Chiquitos, a once powerful Indian tribe of South America, inhabiting the country west of the river Paraguay, in the present province of Chiquitos in Bolivia. They are described by Charlevoix and other early writers as an intelligent and independent race, brave and with warlike instincts, and excelling in manly exercises. They occupied the hills and elevated plateaus, lived in families, united agriculture with the chase, and, possessing large resources, were always numerous. They were first visited by Alexis Garcia, a Portuguese, who, having been sent from the coast of Brazil to explore the interior of Paraguay, about 1525, conceived the bold project of reaching Peru across the wilderness of the Gran Chaco. Gathering a force of 2,000 Indians, he went up the Paraguay above the site of Asuncion, and thence passed in a N. W. direction through the S. portion of Chiquitos, fighting his way through the thickly populated country until he reached the Andes, where he was murdered by his Indian allies. In 1537 Juan de Ayolas perished in conducting a similar expedition. Other adventurers failed in bringing to subjection this brave people, and it was not till 1691 that a permanent settlement was made among them.

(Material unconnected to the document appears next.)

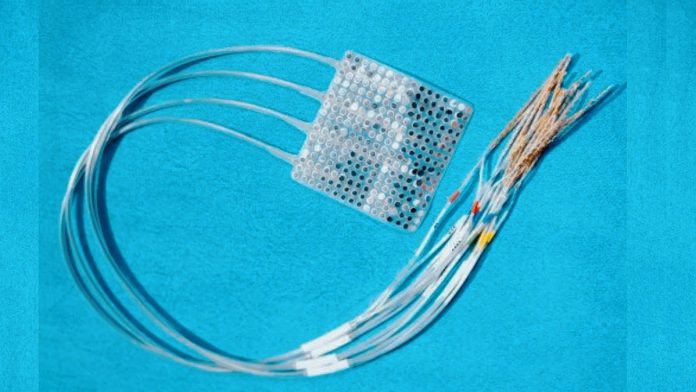 Interfaccia cervello-computer: uomo paralizzato muove braccio robotico con il pensiero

In that year Father Arce, a Jesuit, established the mission of San Xavier, and from that time till their expulsion the Jesuits retained an unbounded influence over the natives. Other missions soon followed. In 1696 San Rafael was built; in 1706, San Jose and San Juan; in 1707, Concep-cion and San Ignacio; and soon afterward Santa Anna and San Miguel. Santiago was founded in 1740, and San Corazon in 1751. Occupying a comparatively isolated position, these missions enjoyed a peaceful and harmonious existence. Under the instruction of the fathers the Indians acquired many industrial arts, cultivated the fields, established manufactories, and carried on a remunerative trade with the neighboring Spanish settlements. D'Orbigny and other writers assert that these towns were in advance of those of the Spaniards, that their manufactures were better, and the produce of their lands superior and more abundant. .Their churches and mission buildings rivalled any in the new world, and were remarkable for the costliness of their decorations. Music and singing were taught, and the church choirs were composed of natives, who attained a rare degree of excellence in the art.
Thus, in 50 years after the arrival of the fathers, the Chiquitos and the neighboring tribes had become moulded into a civilized race. One of the most wonderful changes effected was in the language. Until the latter part of the 17th century, so slight was the intercourse between the tribes that 13 different languages were spoken, of which the Chiquito was the most general. The Jesuits proceeded to supplant the others, with the object of making the latter the language of all the Indians settled in the missions. Chiquito Indians were sent among the surrounding tribes as instructors, prayers and services were read in that tongue only, and all business transactions were conducted in it. These efforts gradually became successful, and now none but the Chiquito tongue is used by the Indians of the province. At the time of the expulsion of the Jesuits, in 1767, the missions had acquired an extraordinary degree of prosperity; but with the withdrawal of the fostering care which the fathers had always exercised over their converts, and the bad administration of the government, they began to decline.
Many of the Indians fled to the forests and relapsed into the rude ways of their fathers; the thriving villages decreased in population, and the splendid buildings and churches of the missions fell into decay. In the beginning of the present century, 34 years after the decree of expulsion, more than two thirds of the original inhabitants had disappeared; and the population is estimated now at only about 25,000.
Chiquitos, a province of Bolivia, in the department of Santa Cruz de la Sierra, between lat. 14° and 21° S., and lon. 57° 30' and 62° 30' W., bounded E. by the Paraguay river, N. by marshes and immense forasts lying between it and the country of the Moxos, W. by the province of Santa Cruz, and S. by the Gran Chaco; area, 108,000 sq. m.; pop. about 28,000. It forms the middle part of a great plain extending N. and S. at the eastern base of the Andes, from which rises a mountain system, composed of several chains of hills, which divides the waters flowing into the Amazon from those which feed the Plata. The rivers belonging to the former are the San Miguel, Serre, Rio Verde, Baures, and Barbados, tributaries of the Guapore. On the other side of the mountains, the Tucabaca, San Rafael, Latiriquiqui, and San Tomas all flow into the Paraguay.
The country abounds in marshes and freshwater lakes; but the largest bodies of water are the salinas of San Jose and Santiago, which yield excellent salt. The climate is warm, but not so hot as its position would indicate, and is generally healthy, intermittent fevers not prevailing to any extent. The soil is rich, yet little cultivated, there being no markets for produce. Cotton, sugar, and tamarinds, however, are exported to some extent.